WASHINGTON — Sen. Elizabeth Warren, D-Mass., outlined her vision Monday for a “big tent” Democratic Party, while taking direct aim at figures in the party she believes are holding it back.
“A Democratic Party that worries more about offending big donors than delivering for working people is a party that is doomed to fail — in 2026, 2028 and beyond,” Warren said in a speech at the National Press Club.
The former presidential candidate sought to lay down a marker for her vision as Democrats look for a way out of the political wilderness after losing the 2024 election. The intraparty power struggle includes divides over policy and messaging. And in an unusual move for a Democrat, Warren specifically called out, by name, people and groups she deems part of the problem.
She said some Democrats seek to “water down their economic platform to appeal to wealthy donors” and in the process “squander trust with working people” for the rest of the party.
“There are two visions for what a big tent means. One vision says that we should shape our agenda and temper our rhetoric to flatter any fabulously rich person looking for a political party that will entrench their own economic interests,” Warren said. “The other vision says we must acknowledge the economic failures of the current rigged system, aggressively challenge the status quo, and chart a clear path for big, structural change.”
“If we are going to pick up the broken pieces from the 2024 election and build a durable big tent, we must acknowledge a hard truth: The Democratic Party cannot pursue both visions at the same time. Either we politely nibble around the edges of change, or we throw ourselves into the fight,” she added.
The former 2020 presidential candidate called out the “tepid, nibble-around-the-edges approach” while identifying the Democrats’ Senate campaign arm as part of the problem.
“That approach has also been a good way to appeal to the Democratic Senatorial Campaign Committee as they decide which primary candidates they will support,” she said. “But it doesn’t take a political genius to conclude that in a democracy, when the choice is between ‘make the rich richer’ and ‘help everybody else,’ winning elections is about choosing ‘everybody else.’”
Asked to respond, DSCC spokesperson Maeve Coyle said, “The DSCC has one goal: to win a Democratic Senate majority. We’ve created a path to do that this cycle by recruiting formidable candidates and expanding the map, building strong general election infrastructure, and disqualifying Republican opponents.”

Warren also went after Democratic megadonor Reid Hoffman as “the same billionaire who donated $7 million to supporting Kamala Harris and then spent much of the campaign publicly pressuring her to fire Lina Khan as FTC chair” while he had ties to companies with business before the commission.
“To her credit, the vice president didn’t promise to fire Lina Khan.
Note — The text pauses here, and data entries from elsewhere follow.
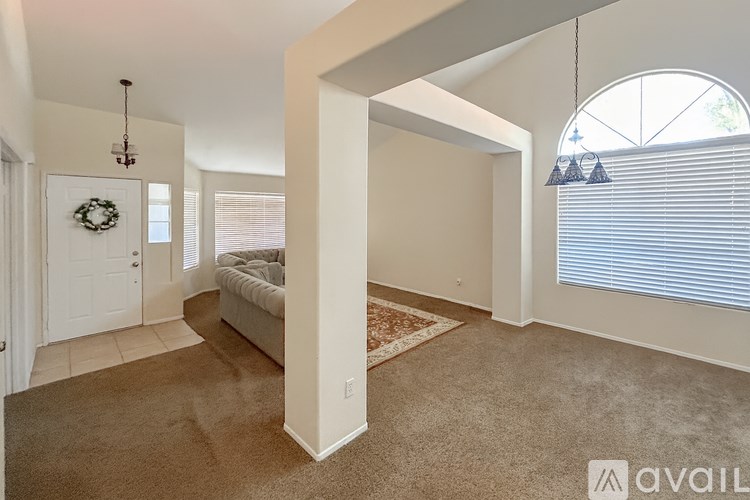 A living room with a couch, a wreath on the door, and a window with blinds.
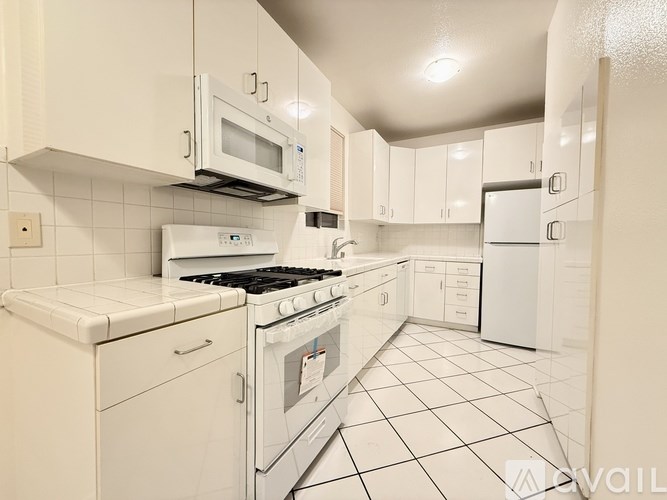 A kitchen with white appliances and cabinets.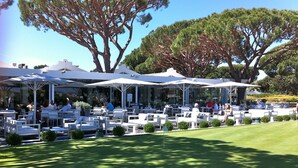 An outdoor seating area with white tables and umbrellas, surrounded by trees and a well-maintained lawn.
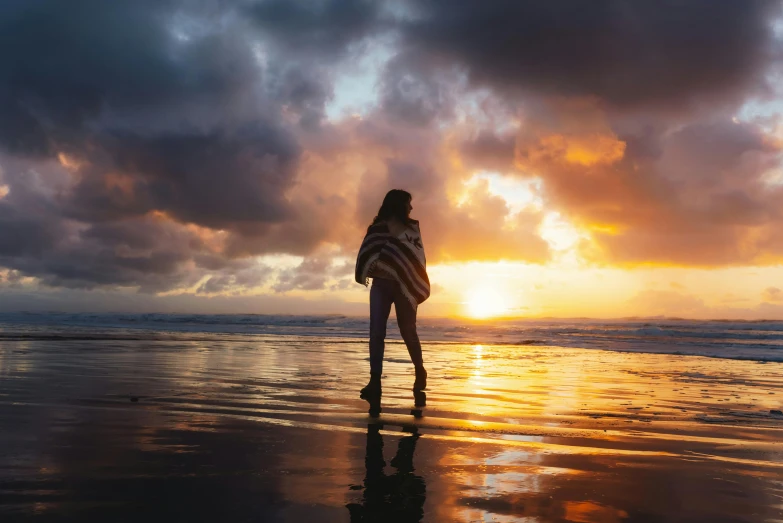 a woman walking along the beach at sunset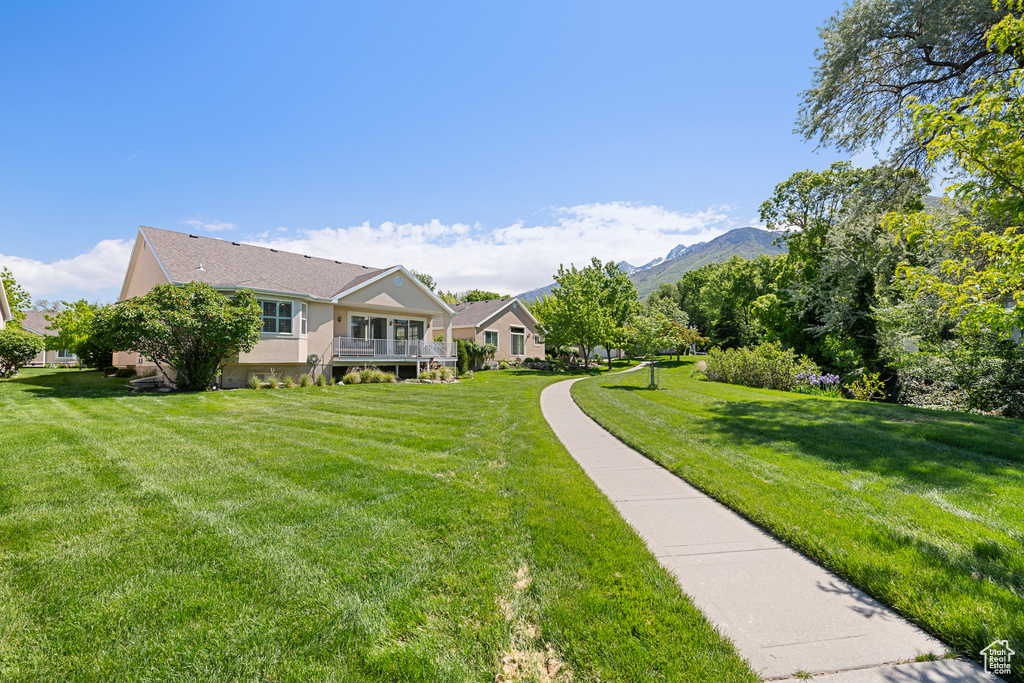 View of front of property with a front lawn, stucco siding, and a mountain view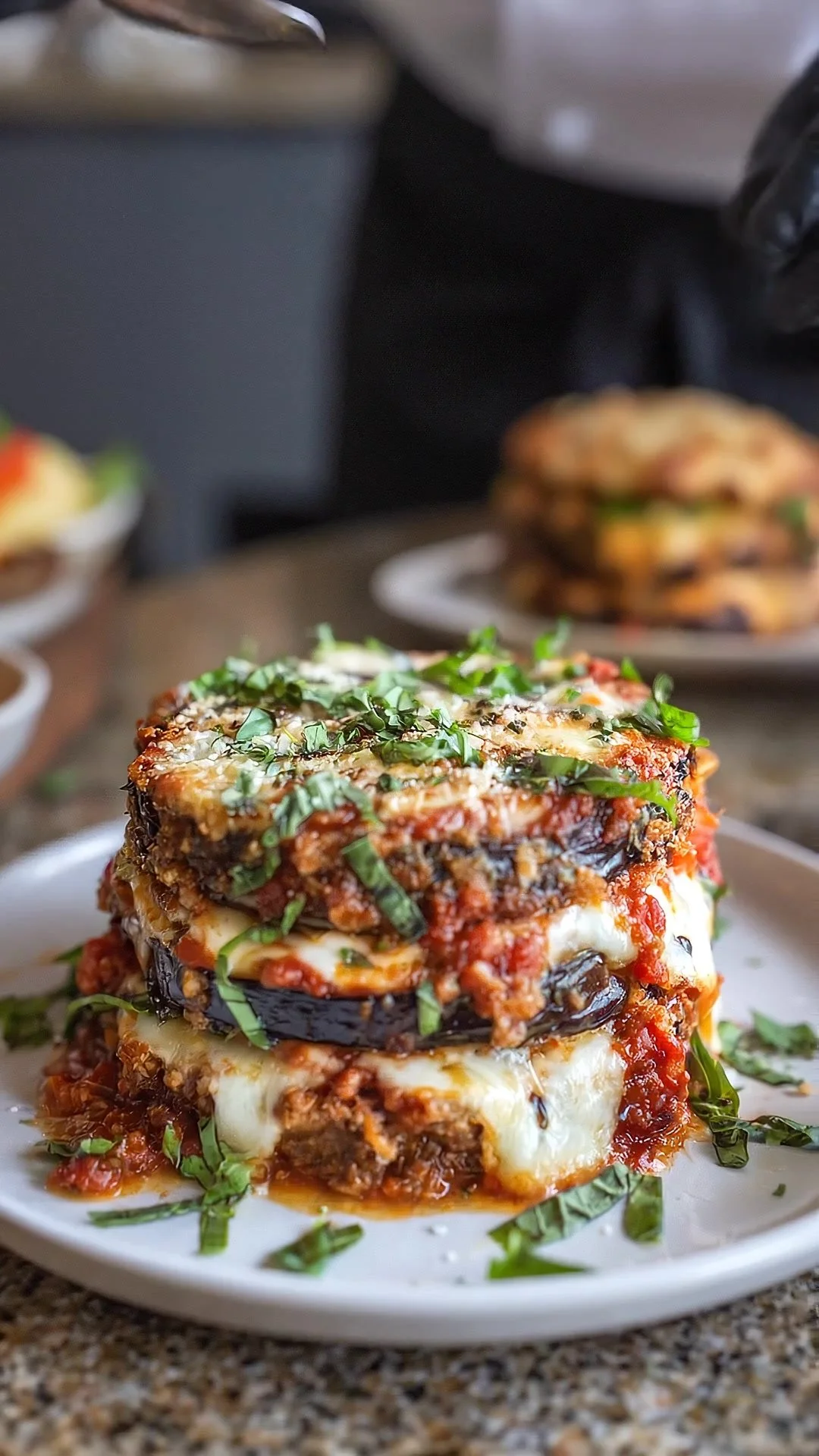 Loaded Cheesy Eggplant Parmesan Stack with layers of eggplant and melted cheese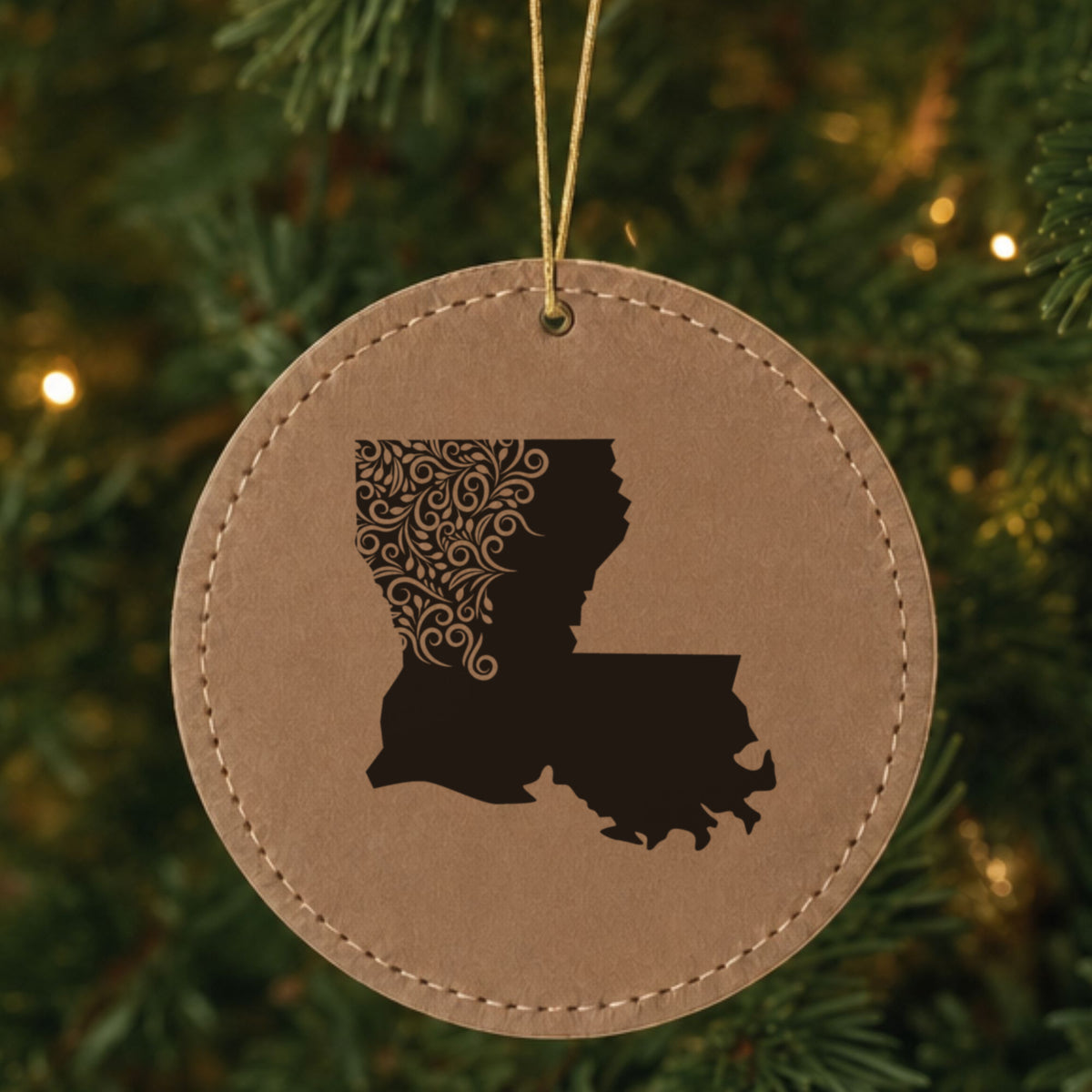Brown leatherette round Christmas ornament laser engraved with the Louisiana Floral Damask design, hanging on a tree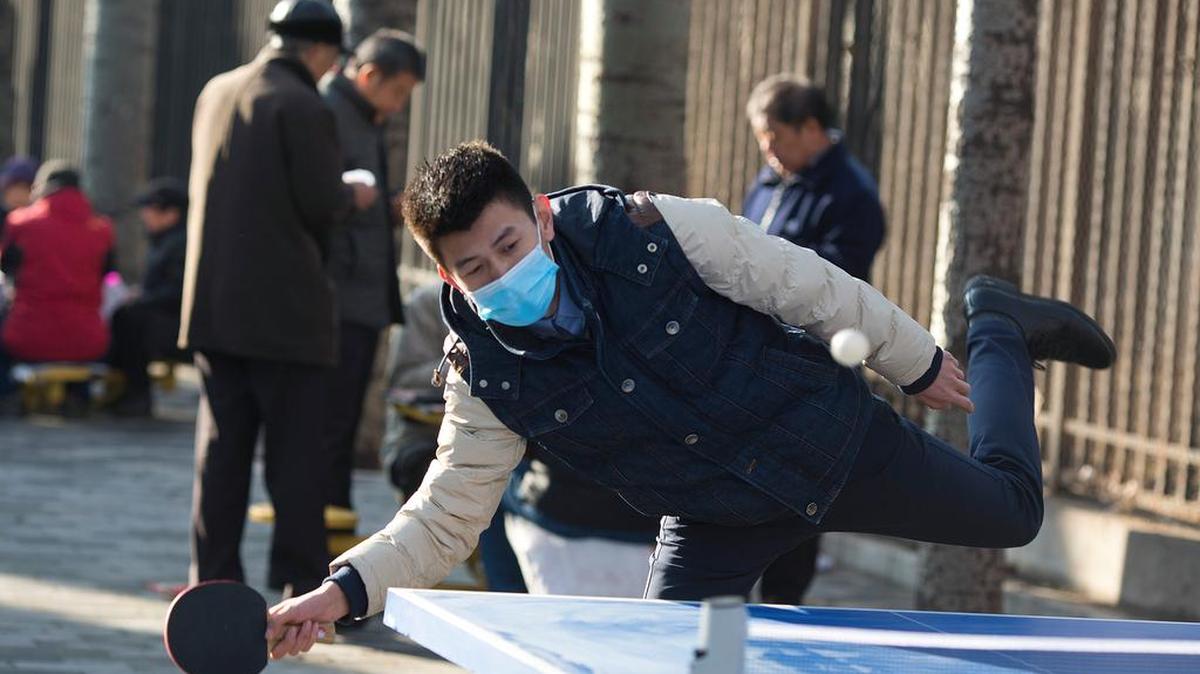 A man wore a mask while playing ping-pong outdoors in Beijing during a smog alert. Half the city’s cars were ordered off the roads.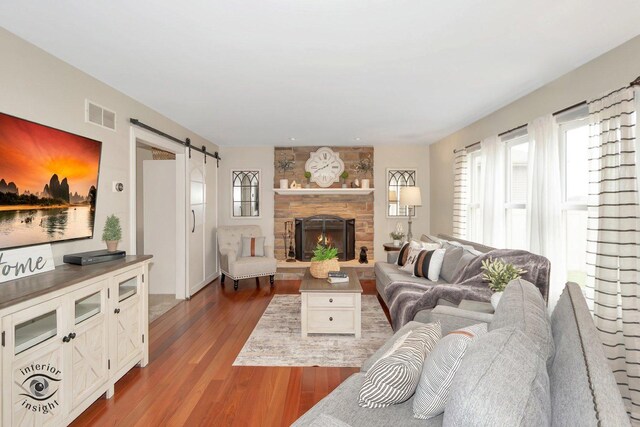 883 White Tail Bnd, Manteno, IL 60950 - living room with a barn door, wood finished floors, and a fireplace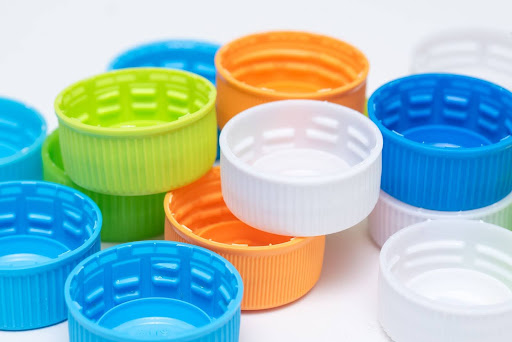Vibrant collection of colorful bottle caps in various shapes and sizes.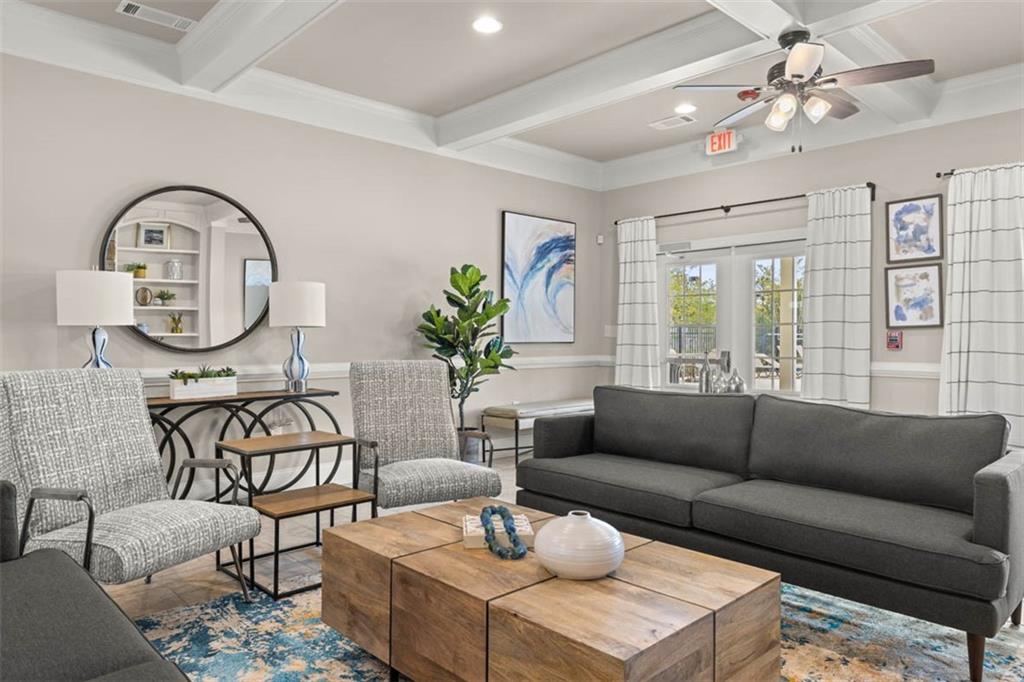200 Defilippe Drive Statham, GA 30666 - Photo 60 of 60 a living room with furniture a chandelier and a potted plant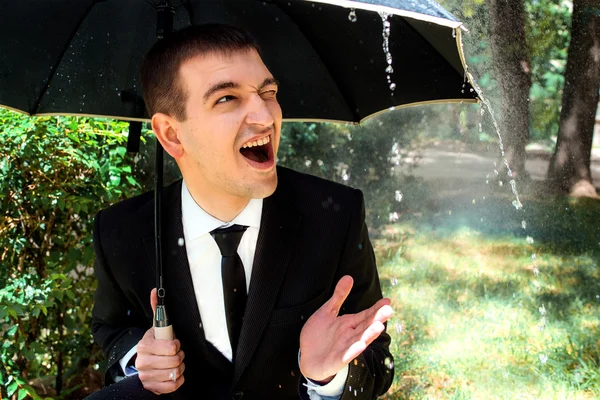 Young man in black suit in sunny raining day under umbrella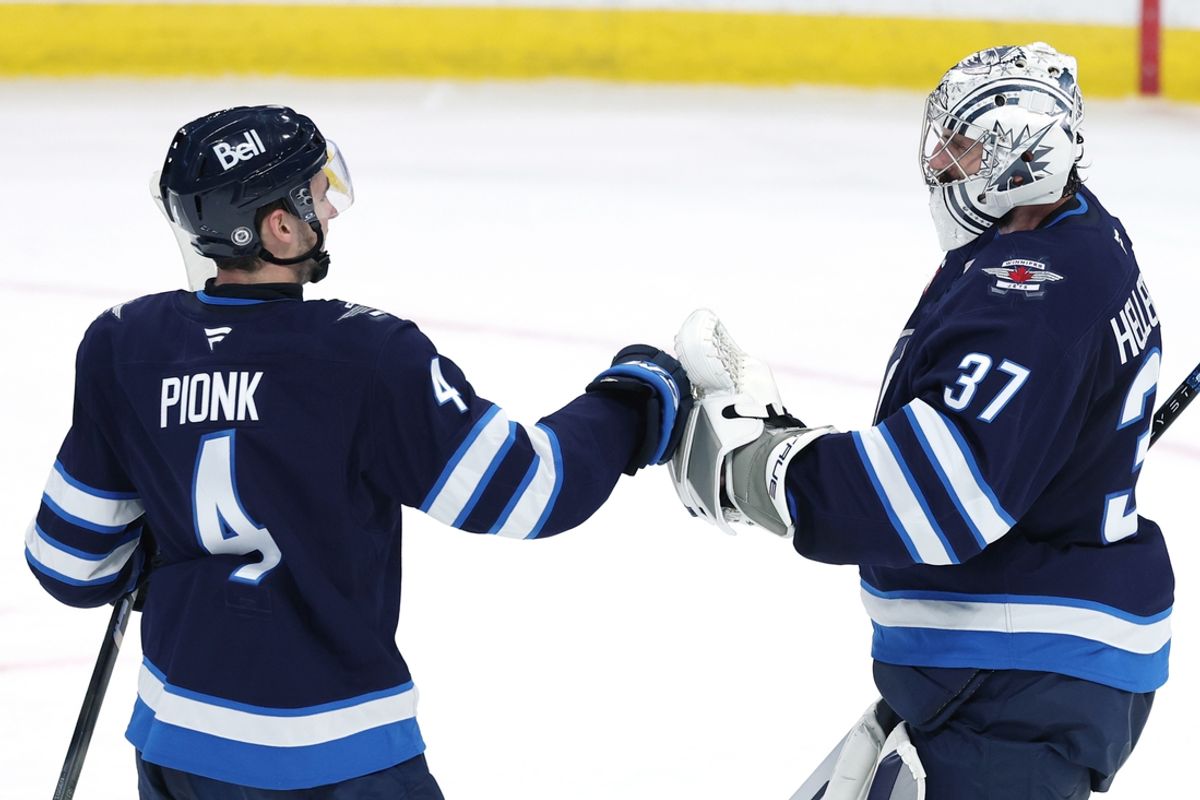 Jan 7, 2025; Winnipeg, Manitoba, CAN; Winnipeg Jets defenseman Neal Pionk (4) and Winnipeg Jets goaltender Connor Hellebuyck (37) celebrate their victory over the Nashville Predators at Canada Life Centre. Mandatory Credit: James Carey Lauder-Imagn Images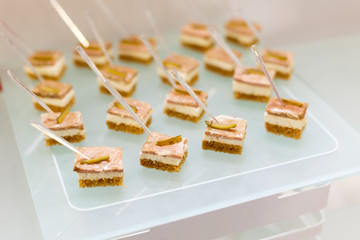 Small snacks canape with brisket, rye bread, omelet and lettuce on skewer on a plate.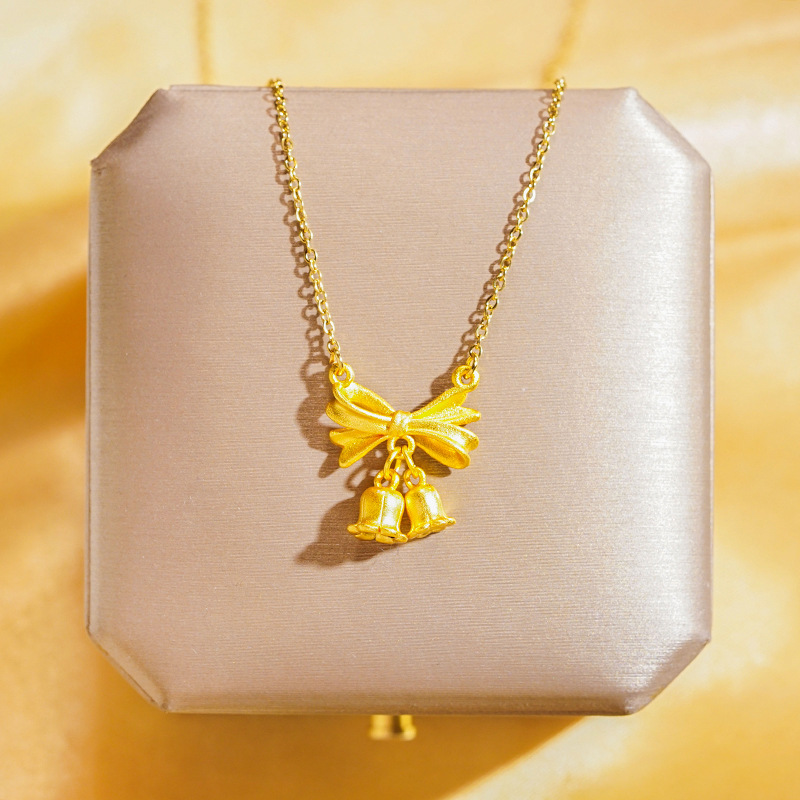 A genuine gold electroplated matte gold titanium steel necklace with a unique and light luxury feel for women. It features a lotus bow and tassel collarbone chain, making it a versatile accessory Specification drawing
But she didn’t promise not to fire her, either,” Warren said, referring to the progressive who has since been advising New York City Mayor Zohran Mamdani.
Warren also went after former Sen. Kyrsten Sinema, a Democrat-turned-independent who decided not to run for re-election in 2024, for blocking a minimum wage increase and “protecting hedge fund managers from paying taxes and blocking filibuster reform” while in office.
“Sinema faced no consequences from her president or her leaders in Washington," she said. "Eventually, it was her own constituents back home who chased her out of the Senate.”
Hoffman and Sinema didn’t immediately return messages seeking comment.
Warren also gave a nuanced opinion on the “Abundance” debate that is roiling parts of the Democratic coalition, sparked by the book by Ezra Klein and Derek Thompson. The authors argue that Democrats have lost sight of the need to deliver results on key issues like infrastructure and housing, instead seeking to satisfy niche coalitions in ways that make governing inefficient.
“When this agenda is about making government more effective, count me in. The Consumer Financial Protection Bureau was built in the spirit of Abundance before Abundance was hip,” she said.
But she added: “Abundance has become a rallying cry — not just for a few policy nerds worried about zoning, but for wealthy donors and other corporate-aligned Democrats who are putting big-time muscle behind making Democrats more favorable to big businesses.”
In a Q&A session after the speech, Warren sidestepped a question about whether Democrats should be willing to compromise on social issues like guns, abortion and immigration to broaden their coalition. She said Americans are struggling economically to make ends meet and “I want to be where the American people are right now.”
“It is our economic message that has to be the tip of the spear for Democrats,” she said. “It is the thing that the American people are telling us.”